Indianapolis Cultural Trail South Street Dedication

As lead author of the three historical panels to be installed on the South Street Extension of the Indianapolis Cultural Trail, I was invited by cultural trail leader Kären Haley to give some brief remarks at the ribbon cutting on October 29, 2024.

The selection of the sites for the panels was a team effort. City archivist Jordan Ryan, Prof. Sue Hyatt, and I worked together, each of us contributing what we knew about an area that has been home to the Syrian Quarter, Union Station, and the Farmers Market.

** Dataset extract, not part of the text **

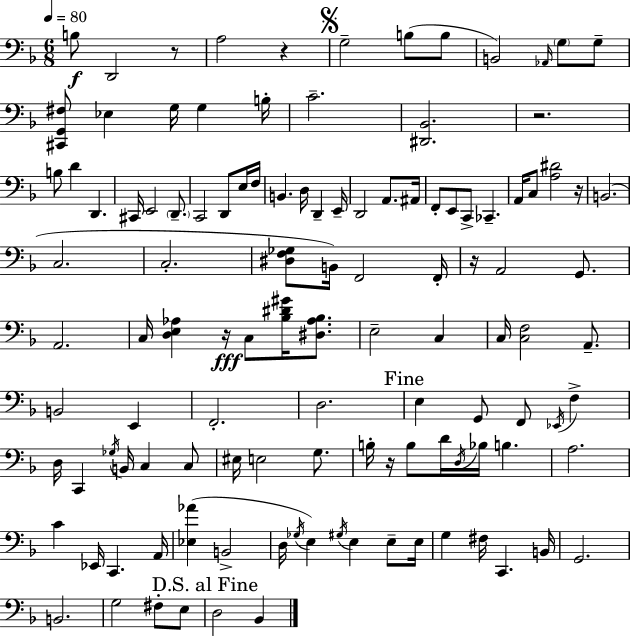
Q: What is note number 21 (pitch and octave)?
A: D2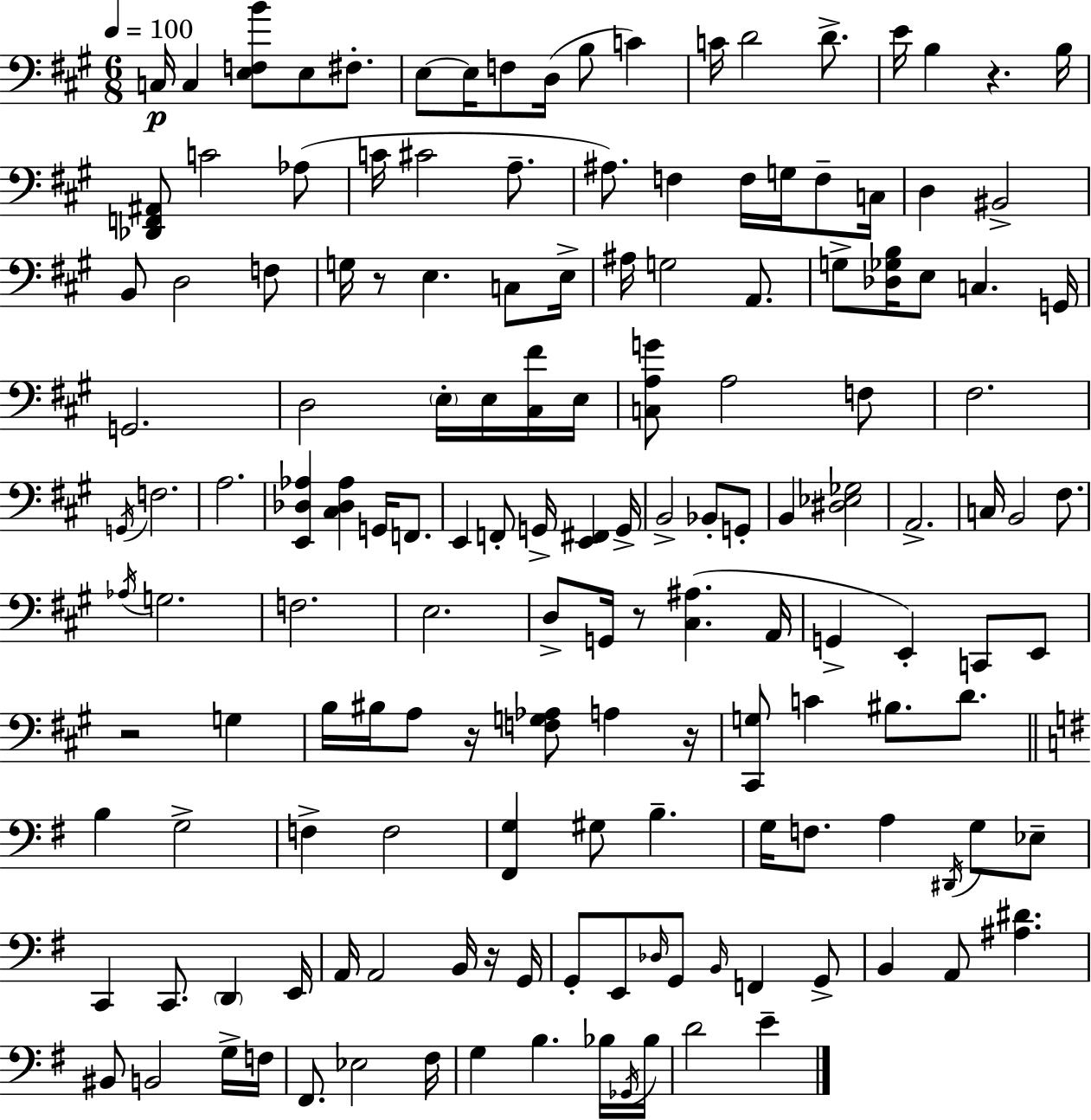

The draft panels shared below, which are yet to be edited and installed, explore each of those places along the South Street extension of the trail.

I tried to evoke the cultural diversity of South Street at the dedication ceremony:

Just over there [pointing to South and Illinois], over 125 years ago, if you had gotten up early enough in the morning, you would discover Arabic-speaking women from what today are the countries of Syria and Lebanon. There was a lumber yard, and they came to gather scraps for their wood-burning stoves in their cramped town homes in the city’s Syrian Quarter, located somewhere near the 50-yard line inside Lucas Oil Stadium. Those women may have been humming, softly, and sometimes they were known to sing Arabic folk songs as they went about their work.

That’s just one example of the many cultural traditions part of South Street’s history.

The expansion of the Indianapolis Cultural Trail acknowledges the many immigrant cultures that made South Street the international hub of our city. In the early 1900s, millions of passenger per year would arrive and depart through Union Depot. In this place you would have heard every language spoken in Indianapolis—from Ladino and Yiddish to Chinese, Spanish, Greek, Slovenian, Polish, Romanian, Russian, Hungarian, and more. They brought their music and dancing to this place, too—when you entered Union Station you’d sometimes hear an Italian band of tuxedo-clad men striking up a tune. And if you continued along South Street both in distance and time you would have also discovered the city’s bustling Farmers Market, where residents purchased the ingredients they needed for their recipes from around the world.

The South Street expansion of the Cultural Trail helps us remember our true identity as a city. From the Miami, Potawatomi, and Shawnee to African Americans, European, Latin American, Middle Eastern, and Asian immigrants, and other groups, we have always been multi-religious, multi-lingual, multi-racial, and multi-ethnic. The South Street expansion reconnects us to this richly diverse past, making us a more welcoming city for all our people, today and in the future.